Your instructions: When you reach the line containing "No fly box would", repeat that line and each one after it exactly until the records end, leaving out pictures.

Records shown:
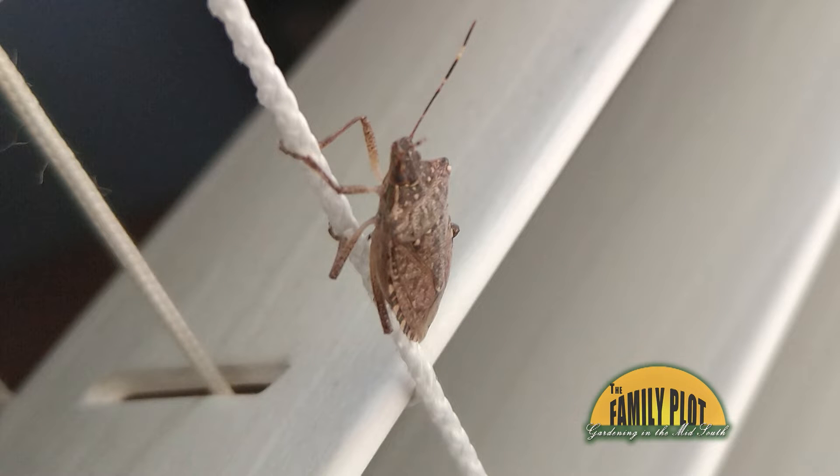We are being invaded by this little gray bug that I hear is from China. They are all over outside and coming inside our homes, and it's like the more you kill, the more shows up. What can we do? This is Beverly from Whitehaven, Tennessee.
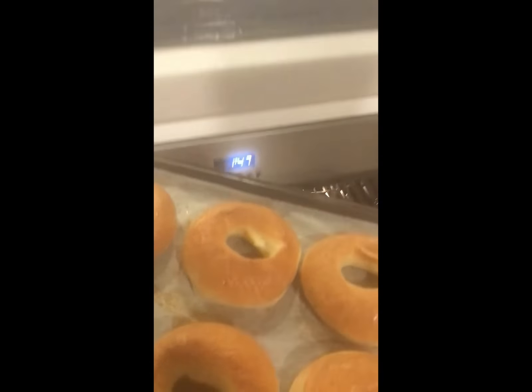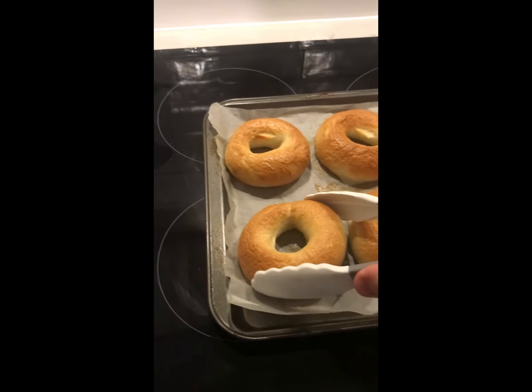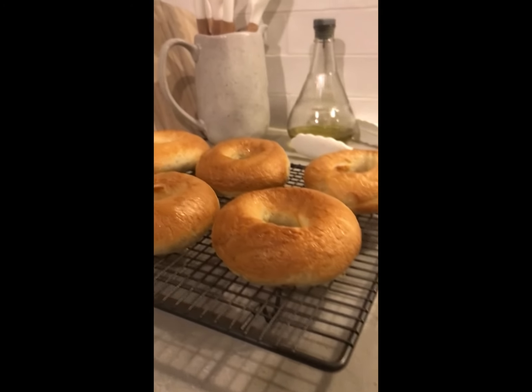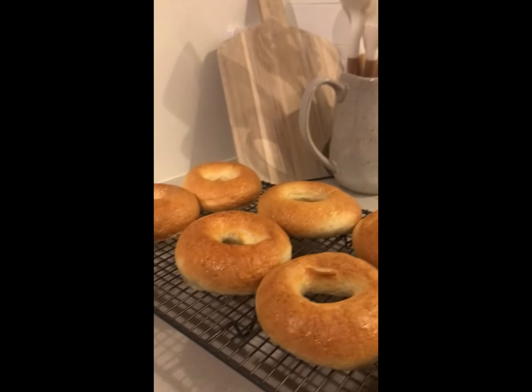Delicious! Transfer the bagels over to the cooling rack using a pair of tongs. They look fantastic. Let them cool for five to ten minutes, but they're great just after they come out of the oven — give it a try about ten minutes after baking. Let's taste! I hope you liked the video. Remember that it takes a lot of practice to do baking, so if it doesn't work the first time, that's okay — don't give up and keep trying. I hope you and your family enjoy your beautiful fresh bagels.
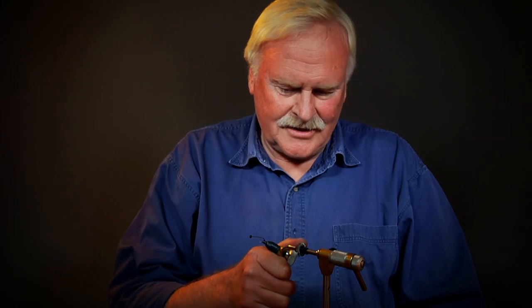No fly box would be complete without a few woolly buggers. It's a great fly, a great fish catcher for all species all over the world.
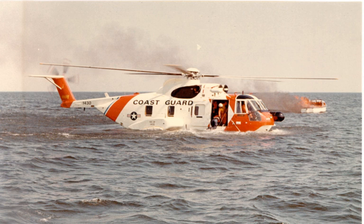Amphibious helicopters have been used in a variety of roles, including air-sea rescue, anti-submarine warfare, supporting special forces operations, and transporting the U.S. President.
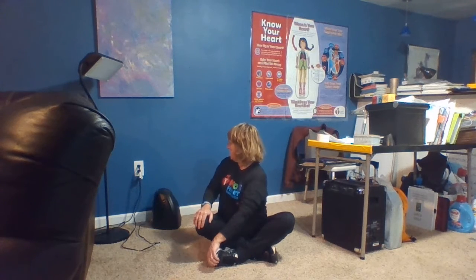Alright, the next one we're gonna sit with our legs crossed. We're gonna look over one of our shoulders, and we're gonna count to 15. Here we go. 1, 2, 3, 4. Look as far behind you as you can. 5, 6, 7, 8, 9, 10, 11, 12, 13, 14, 15.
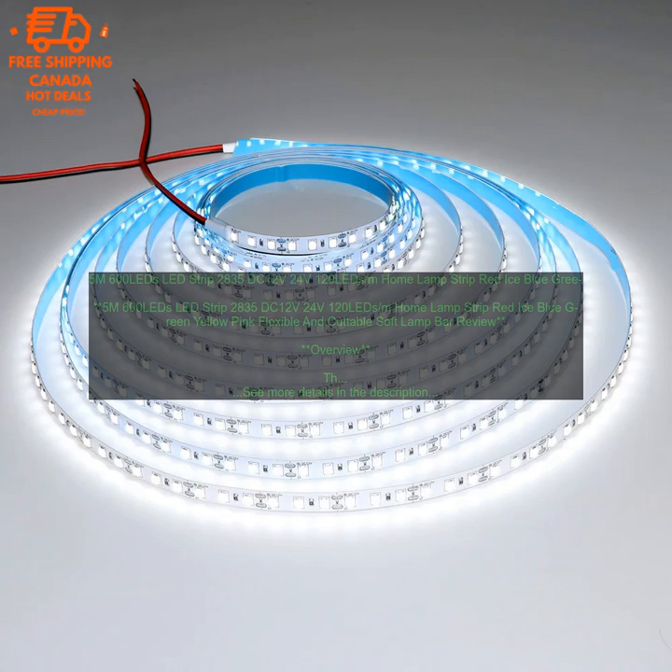Drawbacks. The LED strip light is not dimmable. The price of the LED strip light is higher than some other options.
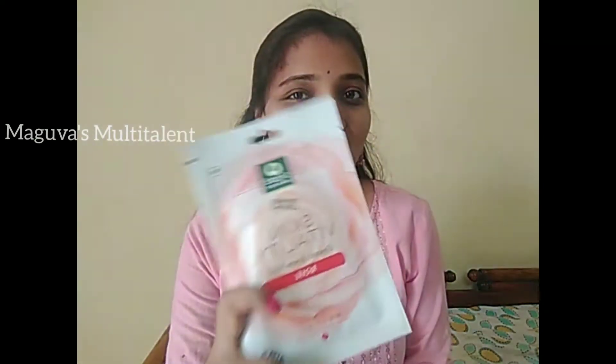Hi, hello everyone. Welcome to Maguas Multi-Talent. In this video, I will share some tips.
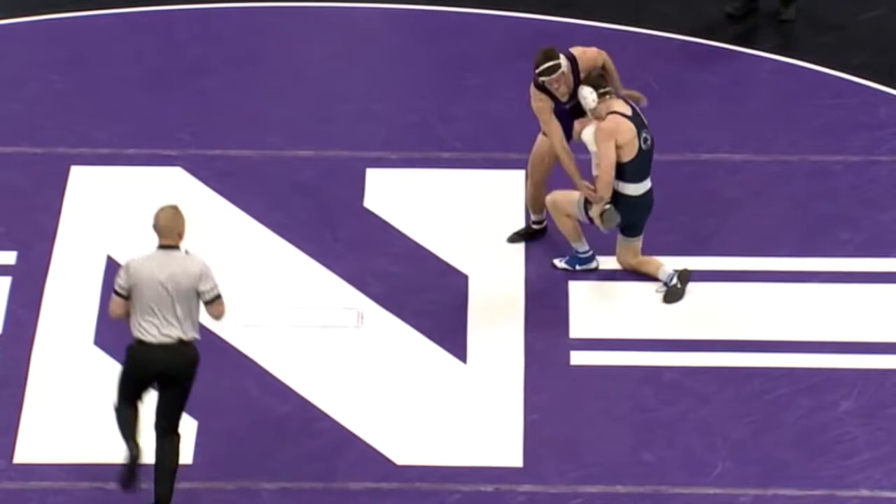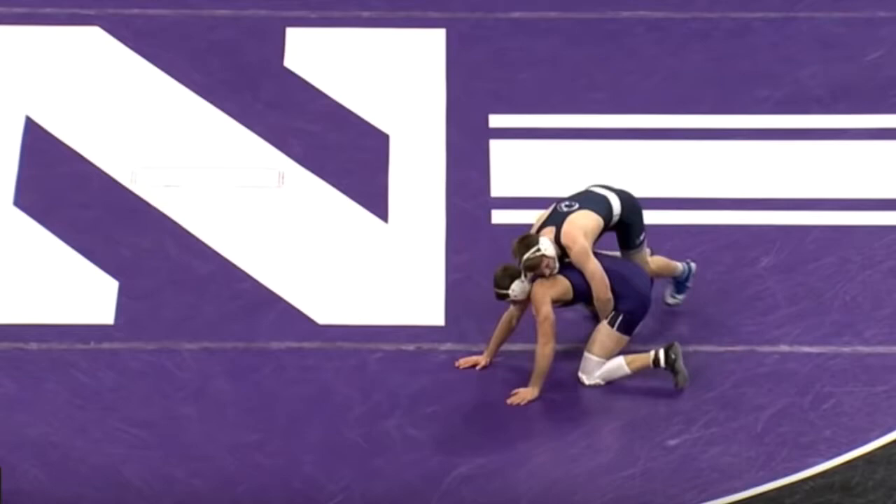All right, folks, here we have Jason Knopf against Ryan Deacon. Awesome post single leg, head tight, picks it up immediately. Sweet finish.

Task output:
No fly box would be complete without a few woolly buggers. It's a great fly, a great fish catcher for all species all over the world.
Amphibious helicopters have been used in a variety of roles, including air-sea rescue, anti-submarine warfare, supporting special forces operations, and transporting the U.S. President.
Alright, the next one we're gonna sit with our legs crossed. We're gonna look over one of our shoulders, and we're gonna count to 15. Here we go. 1, 2, 3, 4. Look as far behind you as you can. 5, 6, 7, 8, 9, 10, 11, 12, 13, 14, 15.
Drawbacks. The LED strip light is not dimmable. The price of the LED strip light is higher than some other options.
Hi, hello everyone. Welcome to Maguas Multi-Talent. In this video, I will share some tips.
All right, folks, here we have Jason Knopf against Ryan Deacon. Awesome post single leg, head tight, picks it up immediately. Sweet finish.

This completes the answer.